What's going on here? Well, in a nutshell it appears that Robinhood (and TikTok) traders - who as we wrote over the weekend continue to flood into short-dated, out of the money calls, and especially Apple "lottery tickets" in pursuit of the highest-levered momentum trades despite the recent Nasdaq correction...

... they have now also discovered 3x levered ETFs.

Indeed, it appears that any trading instrument that allows the Gen-Z and Millennial generations to get rich as fast as possible with massive leverage (and even more theta) no matter how scary the final outcome, is now the preferred gambling "trading" strategy:

"Bullish sentiment toward growth and technology securities remains high, and TQQQ provides an aggressive approach to gaining short-term exposure," said Rosenbluth, CFRA's head of ETF and mutual fund research.

Bloomberg confirms as much, writing that despite TQQQ’s massive risks as a leveraged product - where one reversal could wipe out weeks of levered gains - it’s become popular with day traders, who pushed volume to a record earlier this month, according to a report from Bloomberg Intelligence.

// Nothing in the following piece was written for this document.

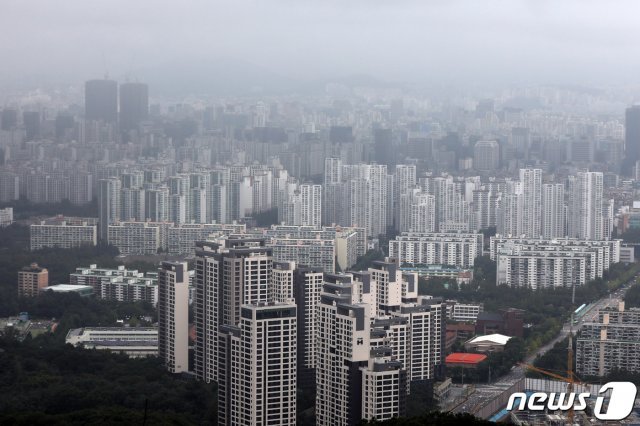 30일 서울 강남구 아파트 단지의 모습. 2020.8.30/뉴스1 © News1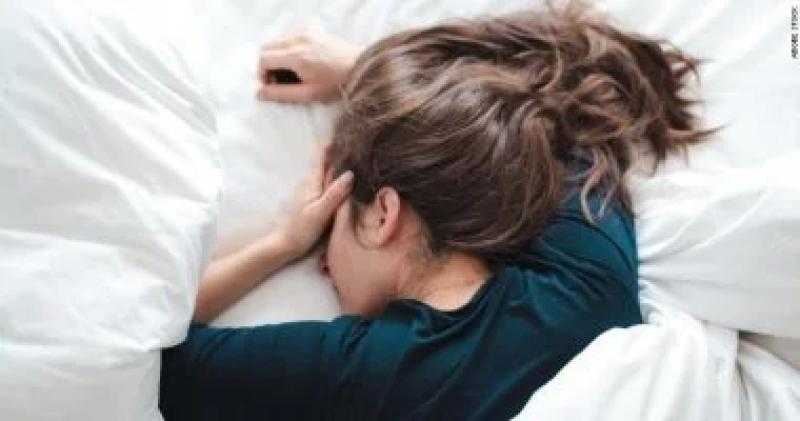 لو نمت أكتر من 9 ساعات.. كيف تؤثر كثرة النوم على صحتك؟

The product is held by 24,000 Robinhood accounts, ranking 20th among ETFs.

"The new variable this year is the number of new, typically younger day traders who use many platforms, but are most visible on Robinhood," Bloomberg ETF analyst Eric Balchunas wrote. "These more aggressive traders prefer single-stock and 3x ETPs to vanilla ETFs or mutual funds, which are less risky.”

Below are some other observations from Balchunas and others who are watching in stunned disbelief how millions of young Americans are literally setting their money on fire in hopes of recreating the "gamma meltup" that SoftBank created, without realizing that the most likely outcome of their trades are near total losses:

To be sure it's not just Robinhooders: the TQQQ was the 6th most popular security among Fidelity customers as recently as May 6.

Though nothing compares to the sheer momentum-chasing determination of 16-year-old traders who have discovered both momentum and leverage in one brilliant flash of eureka.

Then again, in a market where the Fed has eliminated all risk, who can blame young Americans for rushing into what may literally be the riskiest widely available product in the market. With little to no job prospects, America's youth has to find salvation in the manipulated stock market where the TQQQ has posted staggering returns: before the 5.2% Nasdaq plunge on Sept. 3, the product had returned more than 10,000% since its creation in 2010. Even after the correction, its lifetime return is still 8,400%.

And until Powell makes it clear that stocks can go down again instead of just up, expect even more concentration in such 3x levered ETFs and out of the money calls.

Meanwhile, the inverse of the TQQQ, the Short QQQ (SQQQ), whose returns correspond to three times the inverse of the daily performance of the QQQ, posted its worst week of outflows since March. It is also down 99.98% since inception.

What happens next? Why even more happy 19-year-old blondes of course.